This way no branching in the control flow occurs - we double all the lanes, even those above 100.0, we just don't use the results we don't need.
In a way, it's a waste of computing resources, but assuming all the doubling happens in parallel, we don't waste any execution time.
Comparing to the first attempt the assembly is tiny and efficient:
example::bar:
vmovaps ymm0, ymmword ptr [rsi] ; Load the argument to ymm0
mov rax, rdi
; Compare values in ymm0 to a constant in memory, save to the mask
vcmpltps k1, ymm0, dword ptr [rip + .LCPI2_0]{1to8}
; Save the sum only to the lanes matching the mask
vaddps ymm0 {k1}, ymm0, ymm0
; Save the result
vmovaps ymmword ptr [rdi], ymm0
vzeroupper
ret
Even in edge cases, say when all the lanes are above 100.0, there's sometime no point in explicit branching (which we can do with if mask.any()
) - it messes up the instruction pipelining, and the overall performance may be worse.
So that's the way you use SIMD - compute all the values and then keep only the ones you need.
Circling back
With all this knowledge I went back to redesigning ray-ten
around portable-simd
.
The renderer being already extremely dumbed-down, methods provided by the Simd
type were just enough.
First, the basic types
pub const LANES: usize = 8usize;
pub type Real = f32;
pub type Reals = Simd<Real, LANES>;
pub type Mask = SimdMask<i32, LANES>;
pub struct Points {
pub xs: Reals,
pub ys: Reals,
pub zs: Reals,
}
pub type Colors = Points;
pub type Vectors = Points;
pub struct Rays {
pub origins: Points,
pub dirs: Vectors,
}
//Lots of Add/Mul/Div implementations
As a side note, these are large types, Rays
being 2 * 3 * 8 * 4 = 192 bytes.
My first instinct was to pass them around via references, which made doing math with them very awkward.
So I switched to passing them around by value and to my surprise the performance stayed the same - apparently most operations were inlined anyway, so no actual passing was taking place.
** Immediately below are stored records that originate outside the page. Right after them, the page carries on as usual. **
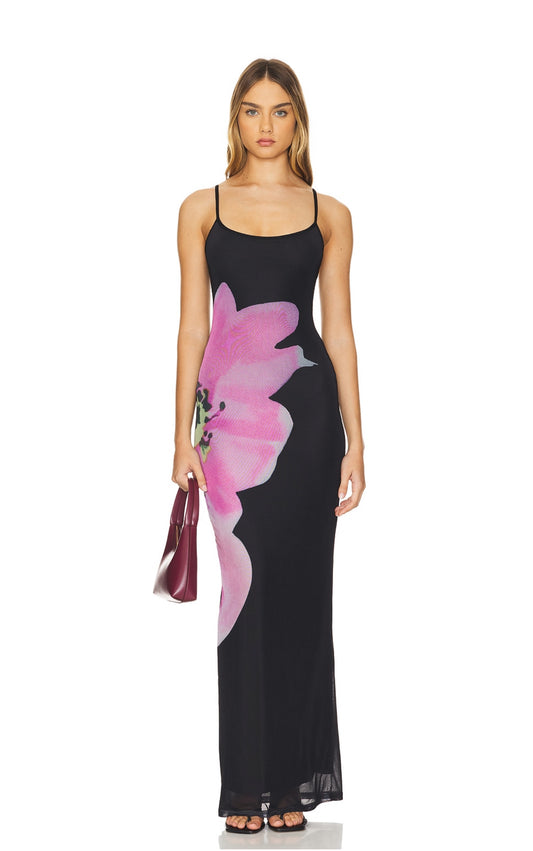 MTC - Flower maxi dress in Black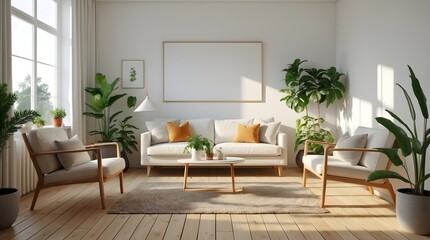 Serene Interior: A light-filled living space exuding tranquility, with modern furniture and lush plants, is the epitome of elegant interior design, evoking feelings of calm.
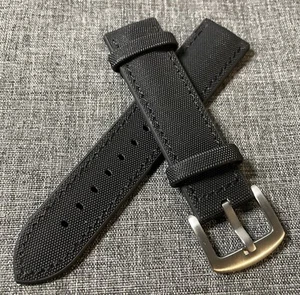 2nd Gen / Sailcloth Rubber Sports Watch Strap / All Black / 316 Steel 20/22/24mm - Picture 1 of 7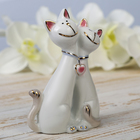 Сувенир керамика "Кот и кошка с сердечком" цветные 13х9,5х5 см - Фото 2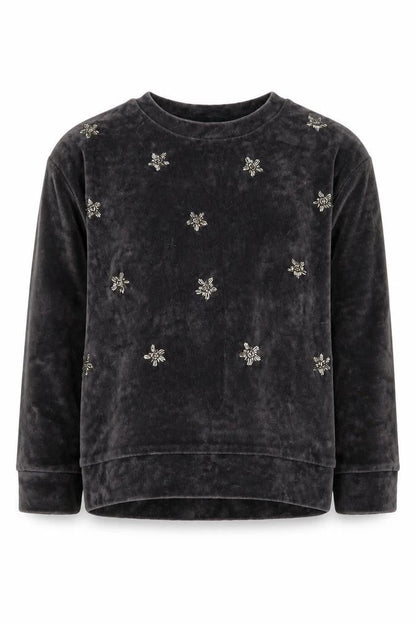 Next Girls Grey   Pullover Sweatshirt Size 7 Years  - stars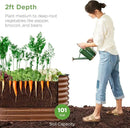 Best Choice Products 4x2x2ft Outdoor Metal Raised Garden Bed, Oval Deep Root Planter Box for Vegetables, Flowers, Herbs, and Succulents w/ 101 Gallon Capacity, Rubber Edge Guard - Wood Grain by GreenHaven Gardens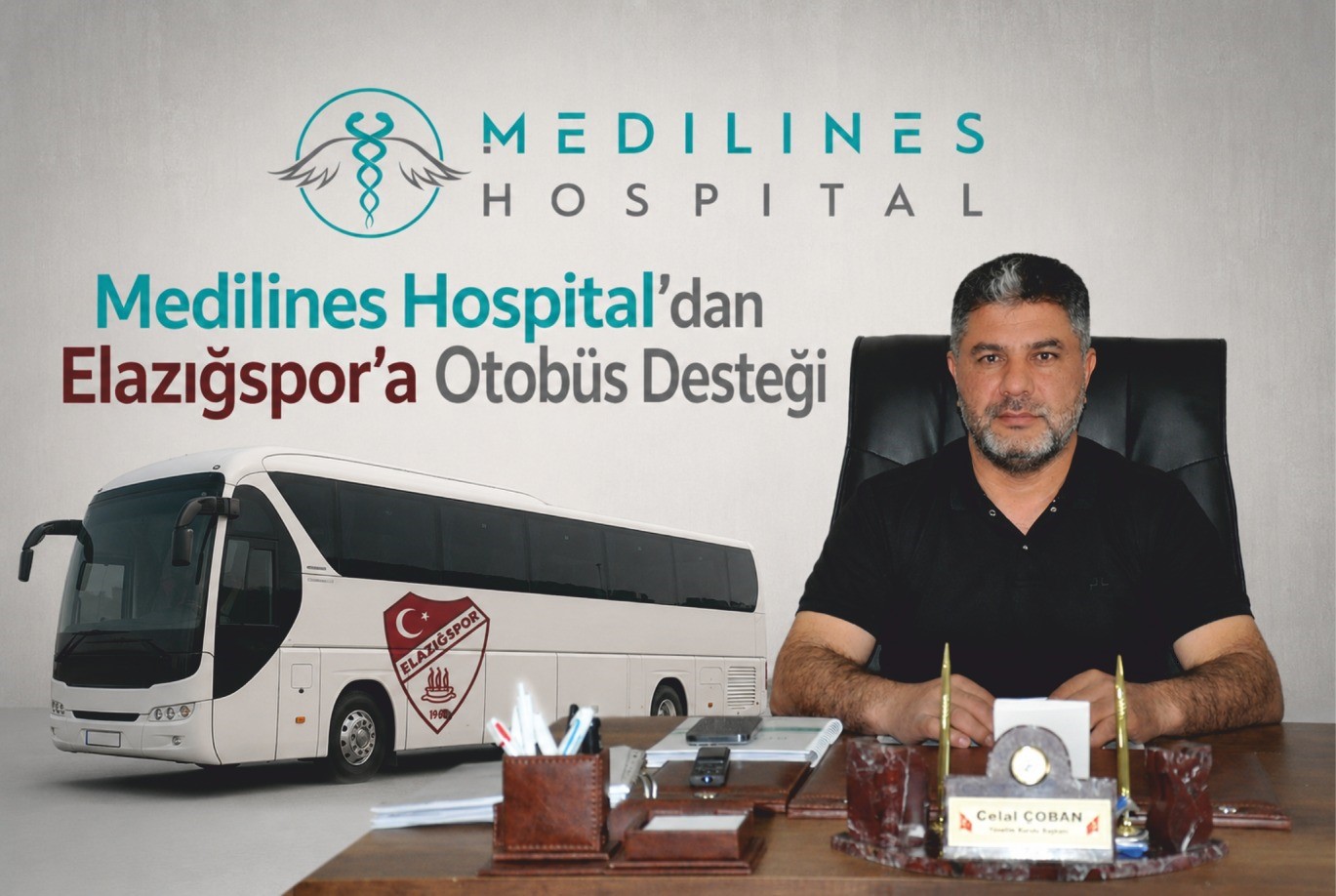 Medilines Hospital’dan Elazığspor’a otobüs desteği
And when it did, the compiler was smart enough to use 6 vector registers to pass Rays
values around.
Now I was tracing LANES
rays at the same time.
After I encapsulated all the math and the state in a separate type, the tracing function finally started to look sane:
pub fn trace_rays(scene: &Scene, rays: Rays, max_depth: usize) -> Colors {
let mut projections = RaysProjections::new(scene, rays, max_depth);
loop {
projections.intersect_with_sphere(Sphere::Ball);
projections.intersect_with_sphere(Sphere::NearPaddle);
projections.intersect_with_sphere(Sphere::FarPaddle);
projections.intersect_with_aa_plane(Plane::Top);
projections.intersect_with_aa_plane(Plane::Bottom);
projections.intersect_with_aa_plane(Plane::Left);
projections.intersect_with_aa_plane(Plane::Right);
projections.intersect_with_aa_plane(Plane::Near);
projections.intersect_with_aa_plane(Plane::Far);
if projections.reflect() {
break;
}
}
projections.finish(Colors::splat(1.0, 1.0, 1.0))
}
Using two loops here had a measurable impact on the performance, apparently manual loop unrolling still sometimes wins.
RaysProjections
holds a number of Simd
s, one for each object attribute I need.
Each intersect_with_*
method call updates lanes in these attributes if an intersection in that lane was closer than the previous closest.
Here's the easy one:
fn intersect_with_aa_plane(&mut self, plane: Plane) {
// Get plane's attributes from scene
let offset_within_axis = Reals::splat(self.scene.plane_offset(plane));
let normal = Vectors::from_single(self.scene.plane_normal(plane));
let color = Colors::from_single(self.scene.obstacle_color(Obstacle::Plane(plane)));
// Get the axis the plane is on
let axis = self.scene.plane_alignment_axis(plane);
let toi =
(offset_within_axis - self.rays.origins.get_axis(axis))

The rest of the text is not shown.